34. A method for etching metal nitride material in a semiconductor
fabrication process comprising: dispersing in an etchant spray tool
an etchant comprising ozone and a fully dissociated 49%
hydrofluoric acid, that is further diluted with water, to a
semiconductor substrate having the metal nitride material thereon;
wherein the further dilution of the hydrofluoric acid is tailored
such that the metal nitride material is removed.
35. The etching chemistry of claim 34, further comprising an
etching temperature of around 85.degree. C.
36. The method of claim 34, wherein the further diluted with water
is a dilution of ranges from around 1500:1 to 2500:1.
Description
FIELD OF THE INVENTION
[0001] This invention relates to methods of etching materials
during semiconductor fabrication processes. The invention
particularly relates to etching nitride materials selective to
oxide materials.
BACKGROUND OF THE INVENTION
[0002] In semiconductor fabrication processes it is often necessary
to selectively etch materials (i.e., to etch a particular material
at a faster rate than another material). On common etch electivity
is etching nitride materials to oxide materials. For example,
during processing it may be desirable to etch silicon nitride
selectively relative to a silicon oxide. In the semiconductor
industry, the standard etching process utilized for etching
nitrides selective to un-doped oxides is hot phosphoric acid
(H.sub.3PO.sub.4).
[0003] For example, using hot phosphoric acid at 165.degree. C.

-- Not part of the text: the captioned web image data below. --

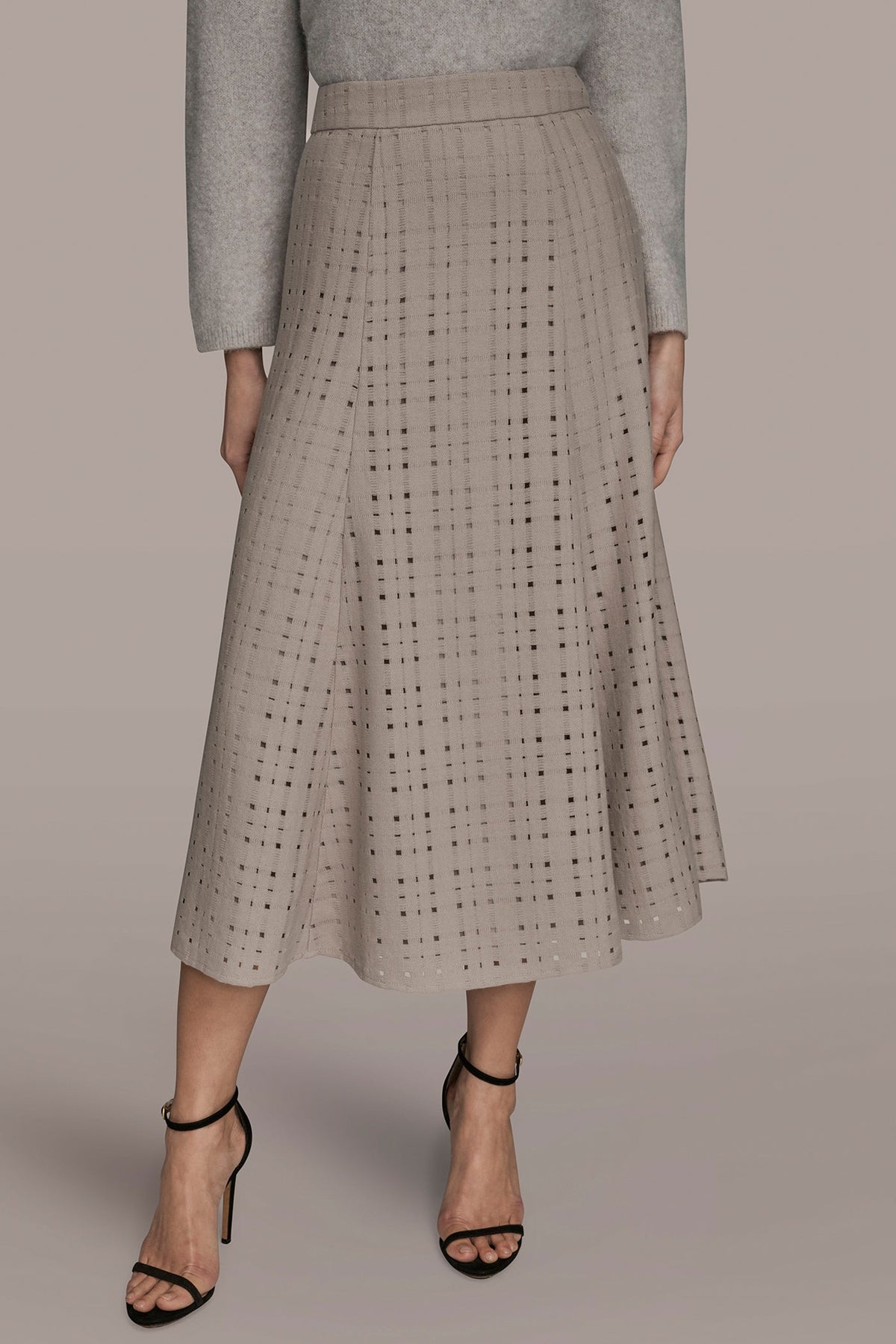 PERFORATED SWEATER MIDI A-LINE SKIRT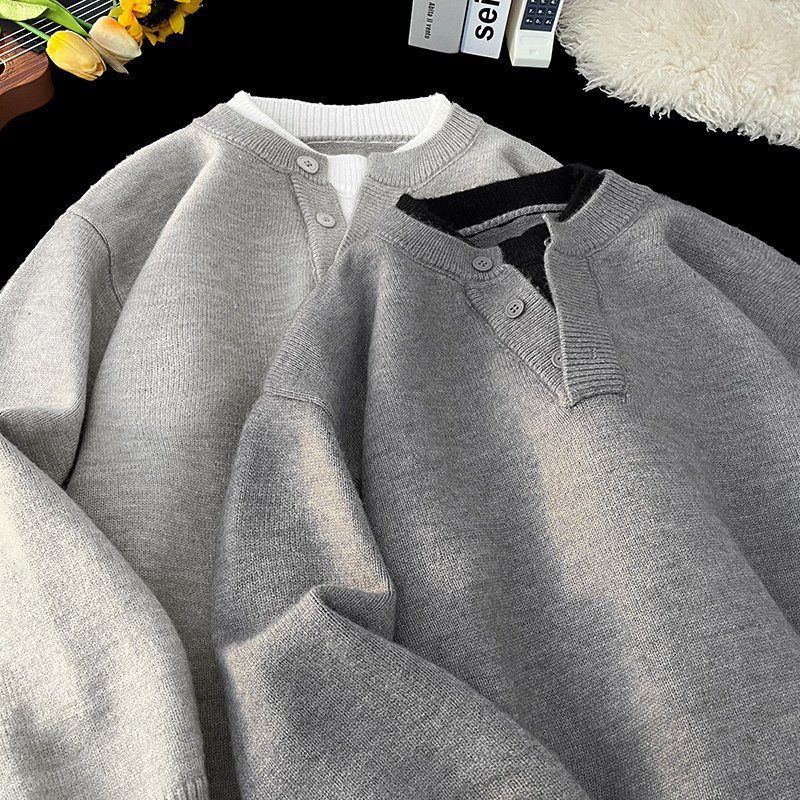 假两件重磅纽扣V领毛衣男秋冬潮牌宽松慵懒风纯色套头针织衫上衣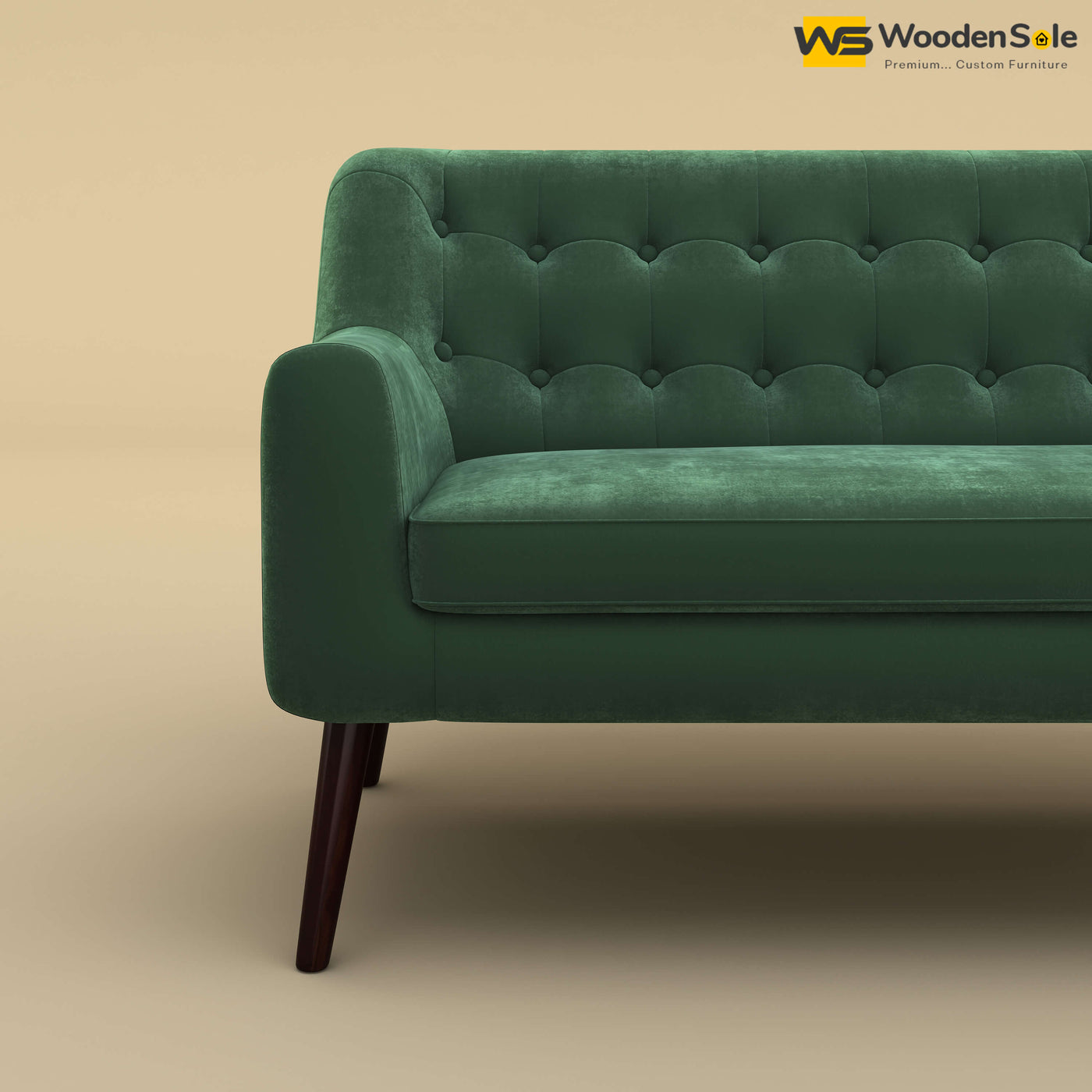 Viraj Loveseat Sofa (Velvet, Forest Green)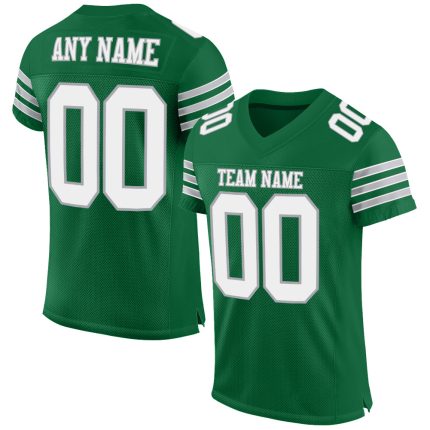 Custom Authentic Football Jersey in Kelly Green White-Gray Mesh Custom Kelly Green White-Gray Mesh Authentic Football Jersey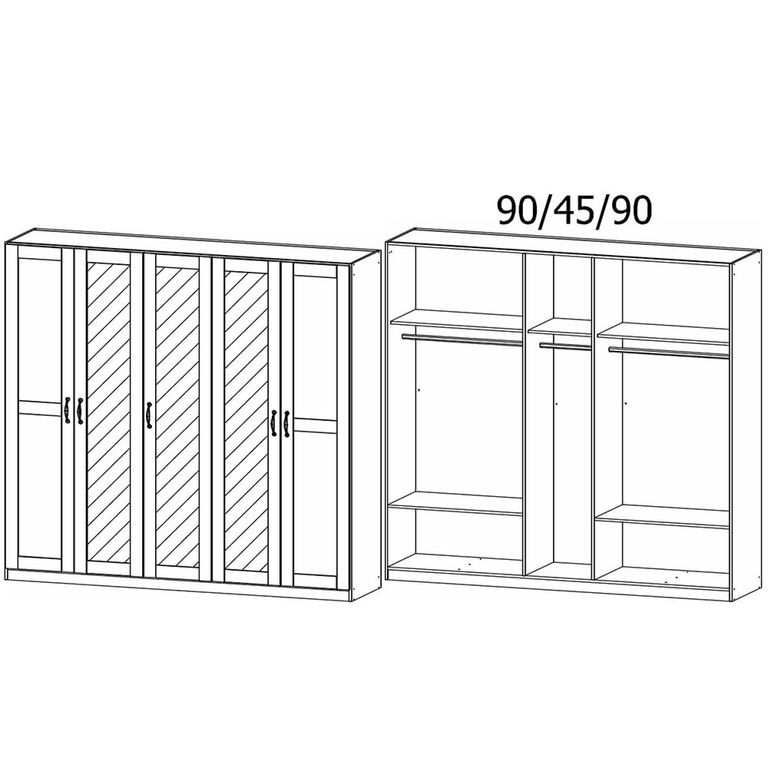 Rauch Cottage 226cm 5 Door Mirror Wardrobe - Alpine White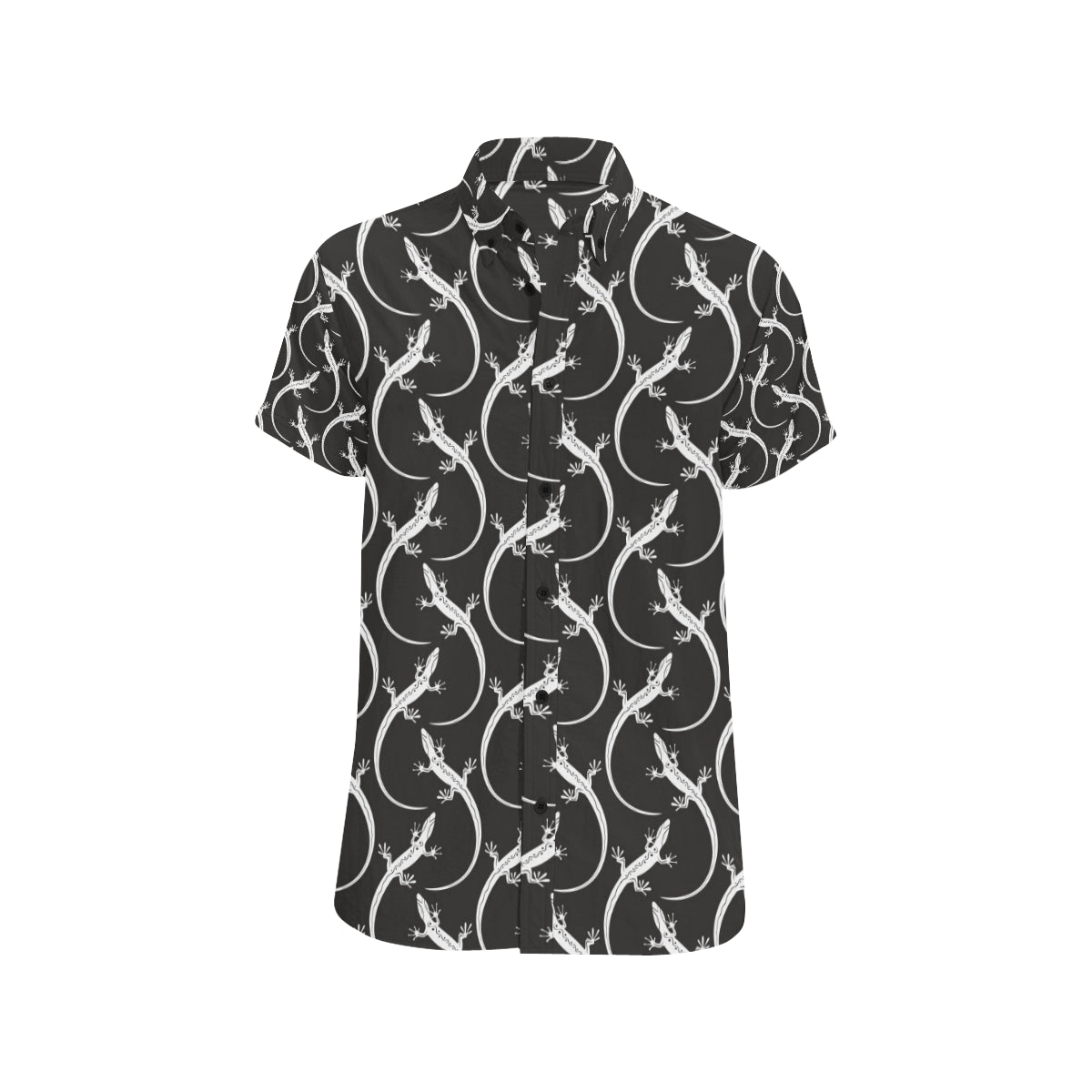 lizard Pattern Print Design 01 Men's Short Sleeve Button Up Shirt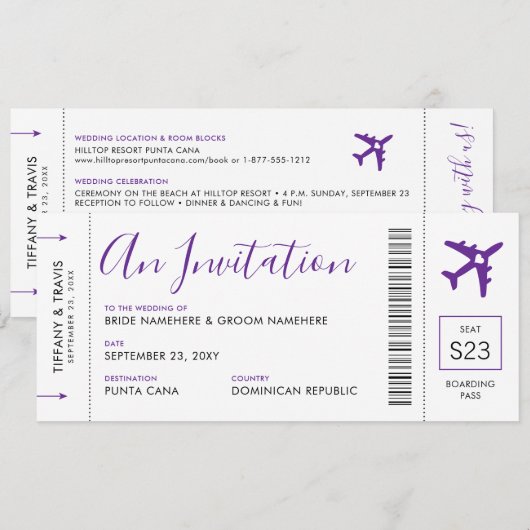 Boarding Pass Plane Ticket Paars Travel Weddenscha Kaart (Voorkant / Achterkant)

will render the following results: A nitride etch rate at 45
.ANG./min for a film deposited at 700-750.degree. C.; an undoped
oxide etch rate at 1.3 .ANG./min for a film deposited at any
temperature; and a doped oxide etch rate, such as for
borophosphosilicate glass (BPSG), phosphosilicate glass (PSG), or
borosilicate glass (BSG) films, at 45 .ANG./min to 120
.ANG./min.
[0004] Typically when using hot phosphoric acid the selectivity for
nitride to un-doped oxide is around 45:1, at a temperature of
around 165.degree. C. However, when using hot phosphoric acid to
etch nitrides selective to doped annealed oxides, the selectivity
averages around 1:1, as hot phosphoric acid will remove around
15-50 .ANG./minute of oxide material. Therefore, using a hot
phosphoric acid results in a selectivity of about 34:1 for nitride
to oxide and a selectivity of about 1:1 to 1:2 for nitride to doped
oxide.
[0005] Thus, at low temperatures, phosphoric acid is unable to
significantly etch silicon nitride and at high temperatures the
etch rate on silicon oxide will increase while the etch rate on
silicon nitride will decrease. As a result, phosphoric acid is not
an ideal etching solution to remove nitride materials selective to
oxide materials.
[0006] Hydrofluoric acid (HF) is another etching solution used to
etch oxide and nitride materials. Unfortunately, the selectivity of
HF acid for nitride to oxide is negative, which results in a faster
rate of oxide removal compared to a slower rate of nitride
removal.
[0007] What is needed is a method to selectively etch nitride
materials relative to oxide materials (either doped or un-doped)
with minimal removal of the oxide material, during the fabrication
of semiconductor devices, a need of which is addressed by the
following disclosure of the present invention that will become
apparent to those skilled in the art.
SUMMARY OF THE INVENTION
[0008] Exemplary implementations of the present invention include
etching chemistries for etching nitride materials selective to
oxide materials and selective to resist patterning materials, are
disclosed along with methods of etching nitride materials, such as
dielectric nitride materials and metal nitride materials. The
etching chemistries and methods incorporate using an ultra-dilute
(approximately 1500:1 to 2500:1) 49% hydrofluoric (HF) acid and
optionally adding ozone (O.sub.3) to the etching mixture that
etches nitride materials selective to oxide materials, such as
oxides doped with impurities or non-doped oxides, and resist
patterning materials. The dilution of the HF acid will affect the
selectivity of the etching solution (nitride material to the oxide
or resist materials) and can be tailored to obtain a desired
etching result.
BRIEF DESCRIPTION OF THE DRAWINGS
[0009] FIG. 1 is a cross-sectional view of a semiconductor
substrate section showing a patterned nitride layer lying between
shallow trench isolation structures.
[0010] FIG. 2 is a subsequent cross-sectional view taken from FIG.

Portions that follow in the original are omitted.